Mon, Jun 13, 2022 6:00 AM

Everyday hero


Staff reporter

Fiona Bryan is a senior firefighter at the Moutere Volunteer Fire Brigade, while her day job is as National Executive Director of the Empowerment Trust.

Fiona says she had always been interested in fire-fighting so one evening in 2012 she popped down to her local fire station on a training night to check it out.

Now Fiona’s children leap out of bed when the siren sounds and have her keys and shoes ready for a quick response, while the community pitches in when Fiona is at a fire by collecting her children from school and helping out however they can.

Several things started Fiona on this journey. She wanted to challenge herself, help her community and be a positive example to her children, which she has achieved in more ways than she could have imagined.

The role and training puts you outside of your comfort zone Fiona says. She laughs when she remembers the brigade chief’s encouragement that “all you have to do is open the station doors and start the truck up” when she questioned if she was up to the challenge

“I thought I was confident and capable, the job and training pushed me physically and mentally but the benefits have been enormous to my life outside FENZ and have helped me believe in myself.” Fiona says, “the job can be very confronting.”

But support from family, the fire crews and formal support from FENZ helps massively, there is always someone shoulder tapping you to check you’re okay.”

The first fire she attended was when the Moutere community centre was ablaze. “I remember looking at it once the fire was out and couldn’t believe I had done it, it was surreal”.

Fiona describes herself as being naturally calm under pressure. She is also drawn to helping with people’s recovery after an incident.

“I have a passion for supporting people through difficult times, this can be challenging but rewarding, it’s important as a community to link people together and access support agencies.”

Darren Crawford, FENZ senior advisor community readiness & recovery says, the support people receive immediately after an incident can really help them on their path to recovery.

“It can be a long journey back to some form of normality for people affected by traumatic events, but early support can make a significant difference and communities seem to invariably step up and help in positive and generous ways.”

Fire and Emergency has a focus on supporting communities to reduce fires and keep people safe from fire and Fiona says volunteer brigades give lots of opportunities for their members to be involved in these activities.

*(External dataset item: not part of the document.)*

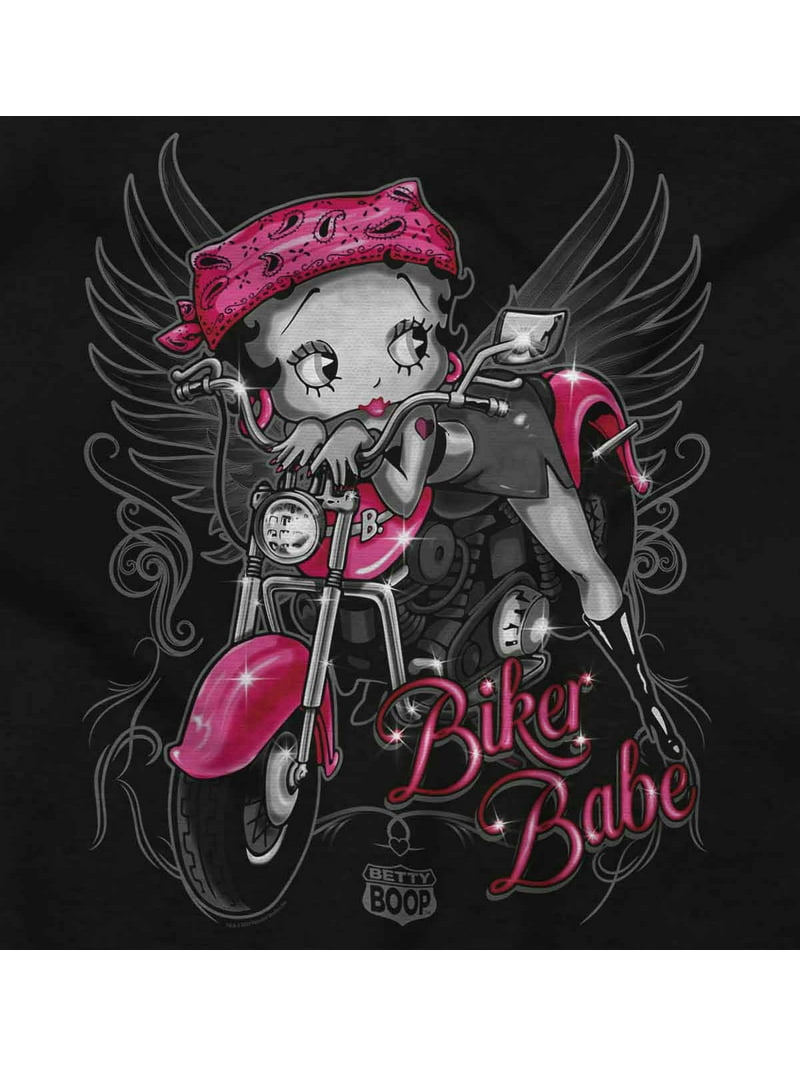 All Every Betty Boop Biker Betty Women's Sweatshirt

“Not everyone wants to ride fire trucks but there are many important roles like making Home Fire Safety visits and brigades will welcome the help.

“It’s been a real privilege to be able to help when people are in distress. If you are considering helping your community by supporting your local fire brigade, just do it!”

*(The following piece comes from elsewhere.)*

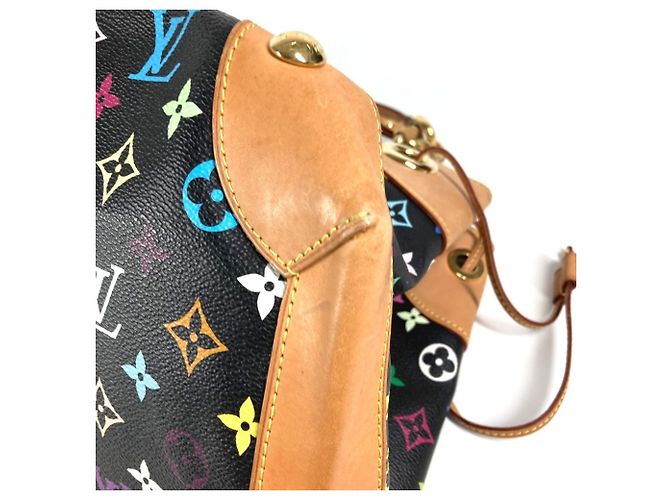 Louis Vuitton Monogram Multicolore Ursula Tote Shoulder Bag Black - view 6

Fiona says she has never regretted calling into the station on that training night ten years ago.

Volunteering with your local fire brigade is a great way to contribute to your community and become part of a team. Fire and Emergency New Zealand is a diverse and inclusive organisation.

At Moutere, a third of the brigade are women.

There are multiple other ways to volunteer without becoming an operational firefighter.

Medical First Responders volunteer only for medical emergencies, Brigade Support volunteers help run the brigade by completing administrative tasks without having to be on the frontlines.

Operational support roles can be a good option for people wanting to be at the incidents supporting firefighters by keeping the public and brigades safe.